Back in the early stages of the 2006-09 housing collapse, the economy behaved as it is supposed to behave. Housing construction fell by more than 50% from January 2006 to April 2008, but there was only a tiny rise in unemployment, from 4.7% to 5.0%. Jobs shifted from housing construction to other sectors. That’s how things work when the Fed is keeping NGDP growing at an adequate rate. You move along the production possibilities frontier, not inside the line. Indeed we would have done even better if not for the modest slowdown in NGDP during late 2007 and early 2008.
Then the Fed let NGDP growth collapse in the second half of 2008, and almost all sectors started shedding jobs. The unemployment rate soared to 10% as we moved inside the PPF.

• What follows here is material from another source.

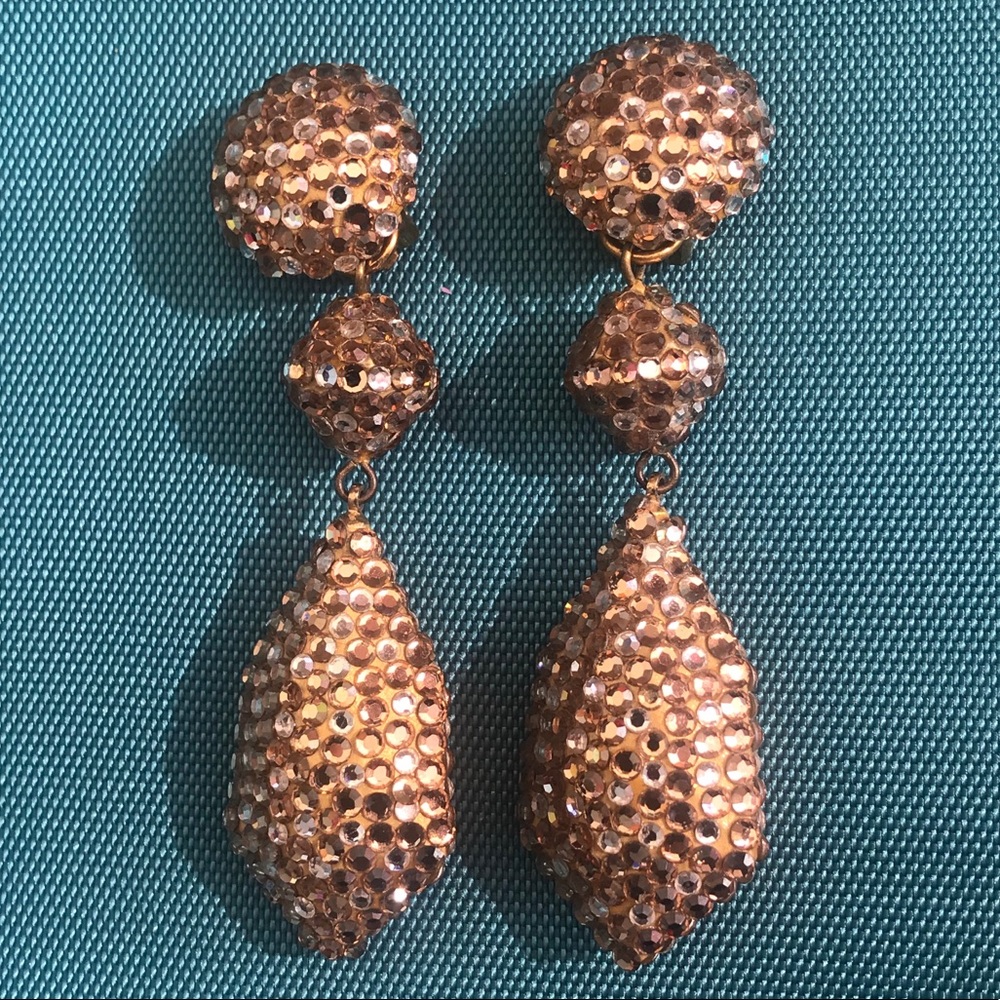Vintage Richard Kerr Earrings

The recent Covid-19 shock is even bigger, but there are a few heartening signs that we’ll avoid the worst. The Covid-19 epidemic has caused saving rates to soar much higher, as consumers hold back on buying many services. This depresses interest rates, with 30-year mortgage rates recently falling below 3% for the first time ever. This surge in saving also tends to boost sectors less impacted by Covid-19, such as housing construction:
US homebuilder confidence back at pre-pandemic levels
US homebuilder confidence jumped in July, taking it back to levels seen before the pandemic rattled the US economy as the 30-year mortgage slipped to a record low, data on Thursday showed.
The National Association of Home Builders’ Housing Market Index jumped to 72 in July from 58 the previous month. That exceeded economists’ forecasts for a reading of 60, according to a Reuters survey, and matched its reading in March.
It’s a myth that low interest rates are good for the economy. That’s “reasoning from a price change”. Low rates are often caused by a slump in investment demand, which is bad for the economy. But higher saving rates are good for the housing sector. If monetary policy is adequate, we should see a V-shaped recovery once the worst of the epidemic is behind us.
READER COMMENTS
Alan Goldhammer
Jul 18 2020 at 3:00pm
Scott – you are more optimistic than I am. I see a lot of small and medium size businesses going under and cannot see unemployment dropping below 10% by year’s end. There is still too much disposable income that will be sitting on the sidelines because of COVID-19 concerns. The hospitality industry will be in the dumps for some time. We will see if big national meetings make a comeback in the first half of next year.
I am unsure about the housing sector given the unemployment rates and current job uncertainties. I don’t think this a ‘build it and they will come’ scenario. I hope to be proven wrong.
Scott Sumner
Jul 18 2020 at 5:26pm
I agree that many business will suffer as long as Covid-19 is a big problem, and that means elevated unemployment. So we aren’t far apart. Still, it’s good to know that there’s enough AD so that some sectors are doing OK.
Bob Murphy
Jul 18 2020 at 11:21pm
Scott wrote: “Housing construction fell by more than 50% from January 2006 to April 2008, but there was only a tiny rise in unemployment, from 4.7% to 5.0%.”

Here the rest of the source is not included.